Statistically, he was right. Despite another year of struggles from the team on the ice, Chaput collected 28 goals and 27 assists for 55 points. Sixteen of those goals and 20 of the assists came in the season's second half.
His efforts landed him a shot at his dream. The Philadelphia Flyers selected Chaput in the third round of the 2010 NHL Entry Draft, with their first pick of the session.
"I don't have to worry about playing to get drafted anymore," Chaput said. "I have to worry about now playing for the team here, and for Philadelphia to hopefully have them sign me to a contract in the next year or two. I get good feedback from the Flyers, and it helps to get feedback from guys like that."
The 2009-10 season was also a year for a big reunion. Growing up, Chaput played for the talent-rich Lac St. Louis Lions program. The Maineiacs began assembling pieces from that team, Chaput's former teammates.
"When they got Stef (Fournier) in the summer time, we spoke about it, after he knew he was traded here," Chaput said. "We were both really happy. We'd played together and we had good chemistry. Then at Christmas time we got Matt Bissonnette, and that was even better because now it was our whole line from when we played back home. They put us back together for this year in some games, and that's great."
What wasn't great was another finish for the team near the bottom of the league's standings, and another drubbing in the first round at the hands of Drummondville.
But, Chaput said, from losing develops character.
"We finished almost at the bottom of the league for two seasons," Chaput said. "It does build character because you never want to go through it again. I only had to live through half of it my first year, but the second year was a total disaster. This year, we have a great group of guys, and we know we can do so much better, and we are. We're playing with sort of a chip on our shoulders to prove how much better we can be."
Chaput is helping lead the way, and he again has risen to the occasion in the second half of the season. An assistant captain with the squad, Chaput currently has 22 goals and 30 assists for 52 points in 51 games. Twelve of those 22 goals and 11 of the 30 assists have come since Christmas.
"You can tell, he seems to move his feet quicker, he has an extra burst of speed," Maineiacs' coach J.F. Houle said. "He's using his speed more, and that gives him an advantage."
But, Chaput said, individual numbers are one thing. The fact that the Maineiacs have arisen from the ashes and are among the top six teams in the league standings is even better. That, he said, comes from great team chemistry, something of which he is proud to be a part.
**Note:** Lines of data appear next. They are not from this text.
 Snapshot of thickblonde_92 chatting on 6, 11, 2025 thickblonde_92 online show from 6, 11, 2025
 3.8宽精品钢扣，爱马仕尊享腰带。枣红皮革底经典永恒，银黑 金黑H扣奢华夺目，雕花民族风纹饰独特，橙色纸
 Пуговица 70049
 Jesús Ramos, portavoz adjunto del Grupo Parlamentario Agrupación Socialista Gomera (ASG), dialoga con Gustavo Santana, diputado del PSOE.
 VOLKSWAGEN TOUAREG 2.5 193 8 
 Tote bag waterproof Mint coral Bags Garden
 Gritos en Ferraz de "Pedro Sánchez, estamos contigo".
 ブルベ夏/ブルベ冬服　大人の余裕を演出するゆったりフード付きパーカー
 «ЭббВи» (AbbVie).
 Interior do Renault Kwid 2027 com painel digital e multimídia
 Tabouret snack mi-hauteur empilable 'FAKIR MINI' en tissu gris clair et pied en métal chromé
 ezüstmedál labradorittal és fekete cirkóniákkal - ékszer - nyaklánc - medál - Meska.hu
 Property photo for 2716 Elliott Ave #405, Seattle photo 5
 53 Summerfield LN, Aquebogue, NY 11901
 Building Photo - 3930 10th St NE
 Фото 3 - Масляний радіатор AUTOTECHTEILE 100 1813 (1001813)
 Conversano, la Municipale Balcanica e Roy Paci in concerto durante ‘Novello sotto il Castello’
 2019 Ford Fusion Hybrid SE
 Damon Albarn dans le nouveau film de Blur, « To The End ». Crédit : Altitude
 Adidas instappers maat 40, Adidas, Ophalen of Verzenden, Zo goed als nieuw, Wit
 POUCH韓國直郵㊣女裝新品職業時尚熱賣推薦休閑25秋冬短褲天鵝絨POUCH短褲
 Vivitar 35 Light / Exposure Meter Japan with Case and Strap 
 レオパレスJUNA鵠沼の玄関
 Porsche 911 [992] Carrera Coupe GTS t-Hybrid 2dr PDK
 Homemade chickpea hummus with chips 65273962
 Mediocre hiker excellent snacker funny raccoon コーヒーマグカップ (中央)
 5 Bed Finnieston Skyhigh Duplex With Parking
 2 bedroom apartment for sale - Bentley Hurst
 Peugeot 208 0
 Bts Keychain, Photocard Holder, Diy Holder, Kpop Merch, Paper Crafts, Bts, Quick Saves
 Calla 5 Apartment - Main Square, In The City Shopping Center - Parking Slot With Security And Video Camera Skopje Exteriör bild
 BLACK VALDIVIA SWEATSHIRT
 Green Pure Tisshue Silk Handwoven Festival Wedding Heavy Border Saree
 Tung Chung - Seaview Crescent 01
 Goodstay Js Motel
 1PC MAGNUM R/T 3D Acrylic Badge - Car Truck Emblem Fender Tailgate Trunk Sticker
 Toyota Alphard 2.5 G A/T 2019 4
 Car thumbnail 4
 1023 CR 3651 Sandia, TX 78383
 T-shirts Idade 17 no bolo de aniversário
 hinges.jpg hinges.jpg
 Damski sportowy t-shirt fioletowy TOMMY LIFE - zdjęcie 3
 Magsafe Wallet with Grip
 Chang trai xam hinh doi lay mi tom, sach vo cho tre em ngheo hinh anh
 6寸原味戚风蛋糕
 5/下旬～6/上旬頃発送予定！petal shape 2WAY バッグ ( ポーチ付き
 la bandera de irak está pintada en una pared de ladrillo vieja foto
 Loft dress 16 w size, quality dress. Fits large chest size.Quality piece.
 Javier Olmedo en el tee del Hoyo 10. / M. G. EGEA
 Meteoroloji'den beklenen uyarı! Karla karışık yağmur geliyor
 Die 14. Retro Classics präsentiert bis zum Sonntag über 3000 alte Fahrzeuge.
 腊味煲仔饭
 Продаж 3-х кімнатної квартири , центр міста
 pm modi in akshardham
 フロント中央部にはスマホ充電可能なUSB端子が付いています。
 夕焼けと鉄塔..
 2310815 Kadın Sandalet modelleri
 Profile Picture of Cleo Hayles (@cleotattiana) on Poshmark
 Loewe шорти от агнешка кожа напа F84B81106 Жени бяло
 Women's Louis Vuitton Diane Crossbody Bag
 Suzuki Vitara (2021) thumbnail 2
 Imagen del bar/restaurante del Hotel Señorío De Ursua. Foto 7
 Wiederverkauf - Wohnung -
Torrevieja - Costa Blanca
"This team has great chemistry," Chaput said. "I'm surprised, you know, all the guys love each other and we all have so much fun. There aren't many cliques here, guys that hang around only with each other. Every guy here plays for each other and we'll fight for each other if we need to. It's one of the greatest team chemistries I've ever seen. I feel we can compete with every team. The only team we haven't beaten is Montreal, and we know we can beat them. We have a great team when we play hard and play together, and hopefully we go all the way."